Classification via Logistic Regression¶
We can run a logistic regression on the data and look at the accuracy of both sites:
Site 1:
import sklearn.linear_model as lm
a = lm.LogisticRegression()
X1 = np.vstack((sim["BV_ms_1"],sim["age_ms_1"])).T
y1 = sim["llr_1"]>0
X1 = sm.add_constant(X1)
a.fit(X1,y1)
acc1 = a.score(X1,y1)
print "Accuracy:", acc1
Site 2:
a = lm.LogisticRegression()
X2 = np.vstack((sim["BV_ms_2"],sim["age_ms_2"])).T
X2 = sm.add_constant(X2)
y2 = sim["llr_2"]>0
a.fit(X2,sim["llr_2"]>0)
acc2 = a.score(X2,sim["llr_2"]>0)
print "Accuracy:", acc2
Next we run the percentile calibration from earlier and visualize our logistic regression at each site separately:
run_p_calib(sim)
disable_notebook()
_,x = subplots(1,2,figsize=(12,4))
sns.set_style("darkgrid")
df1 = pd.DataFrame(index=range(params["n_ms"][0]))

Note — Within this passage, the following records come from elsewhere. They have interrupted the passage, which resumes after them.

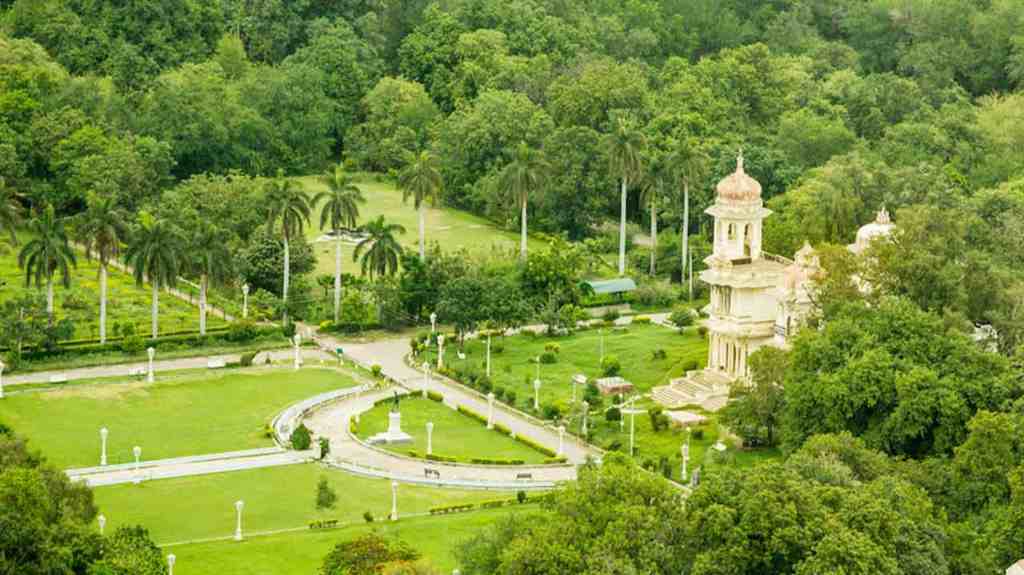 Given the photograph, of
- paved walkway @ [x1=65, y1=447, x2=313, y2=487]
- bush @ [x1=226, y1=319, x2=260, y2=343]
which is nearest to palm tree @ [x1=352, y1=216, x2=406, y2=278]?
bush @ [x1=226, y1=319, x2=260, y2=343]

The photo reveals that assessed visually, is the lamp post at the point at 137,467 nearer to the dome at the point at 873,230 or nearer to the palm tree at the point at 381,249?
the palm tree at the point at 381,249

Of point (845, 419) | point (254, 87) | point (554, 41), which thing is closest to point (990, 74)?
point (554, 41)

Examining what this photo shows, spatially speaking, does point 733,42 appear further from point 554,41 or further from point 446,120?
point 446,120

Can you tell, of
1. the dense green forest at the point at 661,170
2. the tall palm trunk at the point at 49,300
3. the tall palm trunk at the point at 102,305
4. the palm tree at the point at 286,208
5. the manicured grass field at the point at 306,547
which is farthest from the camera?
the palm tree at the point at 286,208

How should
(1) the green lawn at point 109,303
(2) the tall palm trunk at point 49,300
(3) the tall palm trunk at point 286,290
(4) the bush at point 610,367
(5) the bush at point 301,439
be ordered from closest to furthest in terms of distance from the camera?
(5) the bush at point 301,439 < (4) the bush at point 610,367 < (2) the tall palm trunk at point 49,300 < (1) the green lawn at point 109,303 < (3) the tall palm trunk at point 286,290

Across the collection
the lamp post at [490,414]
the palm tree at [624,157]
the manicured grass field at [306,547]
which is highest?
the palm tree at [624,157]

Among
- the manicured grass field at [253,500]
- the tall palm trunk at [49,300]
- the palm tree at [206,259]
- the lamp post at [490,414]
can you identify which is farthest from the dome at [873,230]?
the tall palm trunk at [49,300]

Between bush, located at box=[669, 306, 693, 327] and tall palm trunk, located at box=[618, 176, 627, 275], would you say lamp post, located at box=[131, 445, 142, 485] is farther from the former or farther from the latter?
tall palm trunk, located at box=[618, 176, 627, 275] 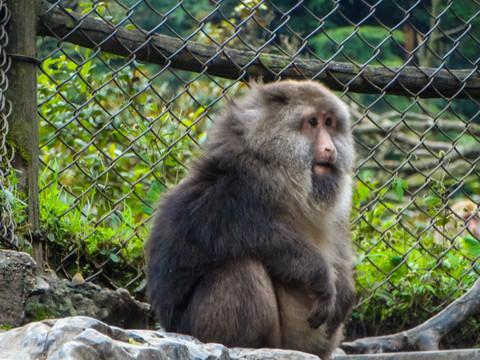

df1["pBV"] = sim["pBV_ms_1"]
df1["age"] = sim["age_ms_1"]
df1["EDSS"] = sim["dis_1"]
df1["Low Group"] = sim["llr_1"] > 0
iax = sns.interactplot("age","pBV","Low Group", df1,
cmap="coolwarm", filled=True, levels=25,ax=x[0],
colorbar=True,logistic=True,
scatter_kws={"color": "black"},
contour_kws={"alpha": .8});
#iax.figure.colorbar(iax)
sns.set_style("darkgrid")
df2 = pd.DataFrame(index=range(params["n_ms"][1]))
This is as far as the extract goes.